Facing Shame by Merle A. Fossum

Facing Shame by Merle A. Fossum

Author:Merle A. Fossum
Language: eng
Format: epub
Publisher: W. W. Norton & Company


3) BLAME

If something doesn’t happen as you planned, blame someone (yourself or someone else). Blaming is pervasive in the shame-bound family and in all relationships which have a strong shame component. The blame may be overt, as in the message, “If it weren’t for you I would be happy.” Often the blame is masked as something else. A woman thinks she is only expressing her feelings, but what she says is, “I feel that you always get upset when I’m doing my work and that stops me from accomplishing anything.” In fact, she has expressed nothing at all about her own feelings. A personal question which asks “Why?” is usually an emotional trap for someone to blame themselves or justify why they are not blameworthy. “Why do you . . . ?” or “why don’t you . . . ?” often pose as innocent questions but are loaded with bad feelings. Self-blame is a direct expression of the rule and can be highly controlling in relationships, in that it effectively grabs the initiative. While self-blame is painful, it keeps the blamer in charge of the interaction and thus reduces surprise.
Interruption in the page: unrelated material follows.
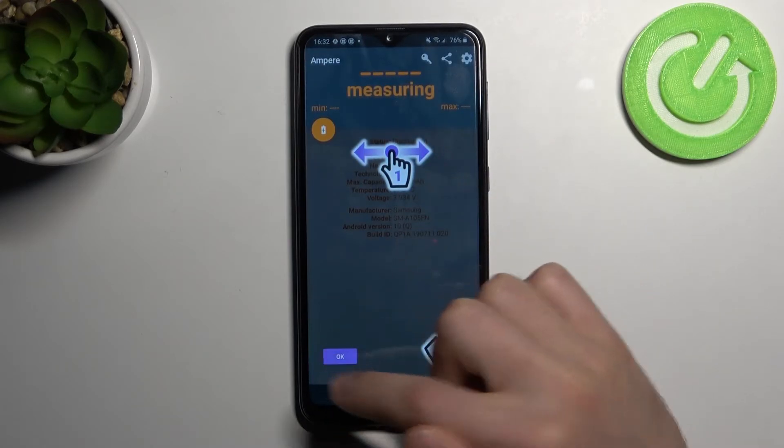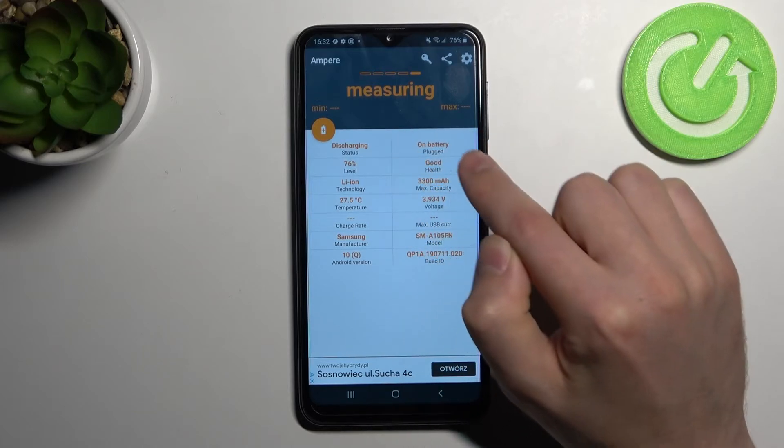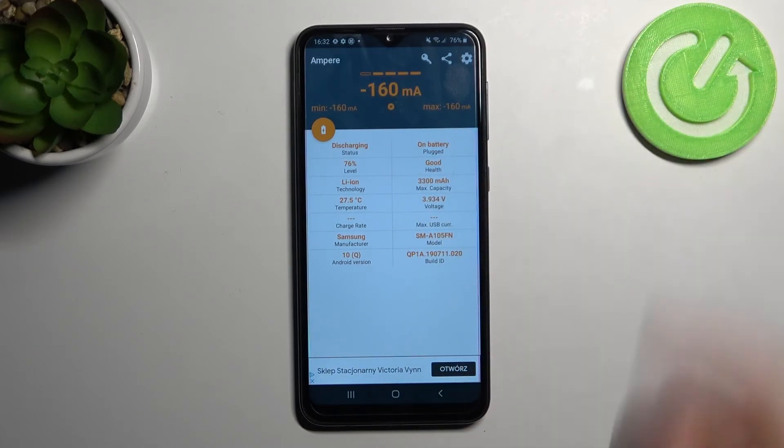Ok, and then swipe to the right. At the top we get information about our battery health. Our battery health is good.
In effect, a person’s blaming behavior covers one’s shame or projects it onto another person. When I focus on what you do to me, I feel a reduction in my own anxiety about myself. If, for example, I tell you that you never approach me warmly, I don’t have to experience the vulnerable feeling of telling you how lonely or needy I feel. If I’m a shame-bound person, I cannot feel vulnerable or needy without being ashamed of it. So blaming becomes an automatic evasion of my deeper feelings.
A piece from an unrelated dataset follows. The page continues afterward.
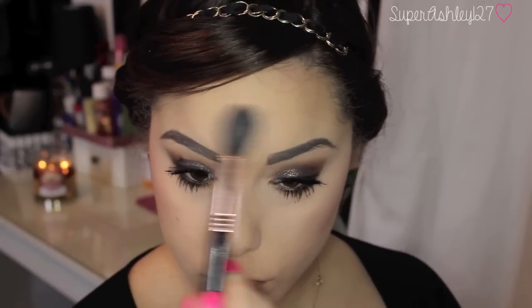Then I'm taking a rosy-toned blush on a large angled contour brush from Sigma and applying my blush. And then I'm taking — I think it's called Lens Highlighter from this palette. Oh my god, the highlighters in this palette are gorgeous. I'm taking that on a tapered highlighting brush from Sigma and applying it to the tops of my cheekbones and down the center of my face. These highlighters are awesome and I'm so glad this palette came with them.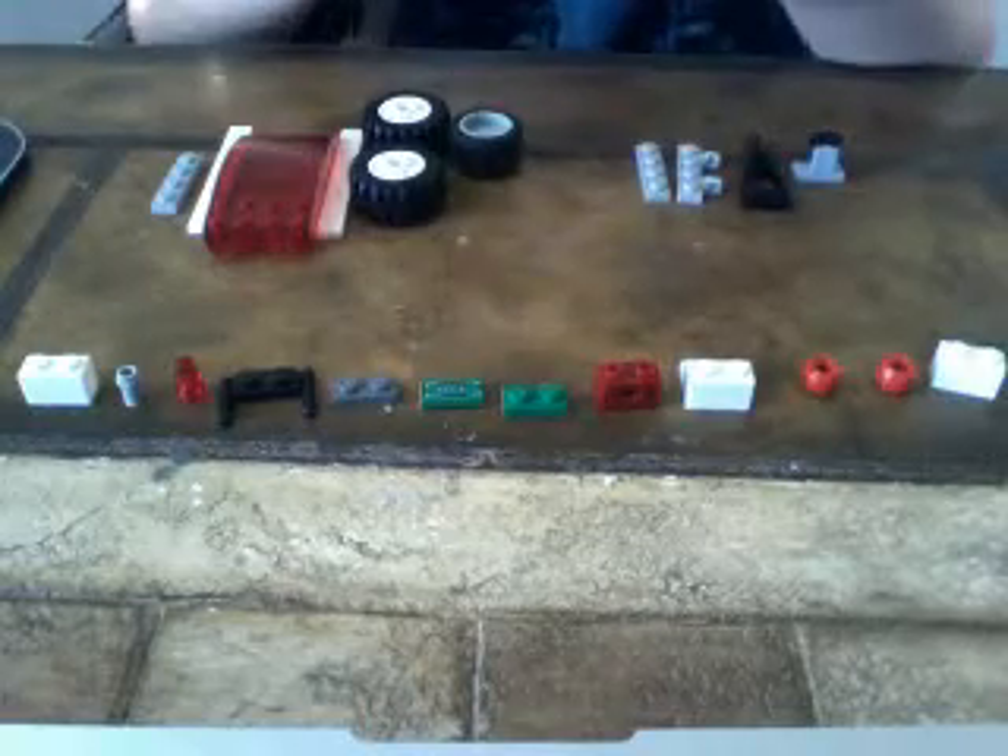First, this is going to be our base. Make sure it's like this — if it's not like this, it's not going to work. Then you put the wheels on: small in front, big in back, so it looks like this.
In fact, any unexpected or unplanned occurrence can become a moment for blame, whether or not it is inherently negative. A flat tire while driving to work is understandably negative and in this system produces blame of oneself or someone else. But the delivery of a package by a parcel service three days before someone’s birthday, instead of on the birthday, isn’t inherently negative. Within this system it is liable to being perceived as ruining the sender’s whole plan and someone is likely to be blamed.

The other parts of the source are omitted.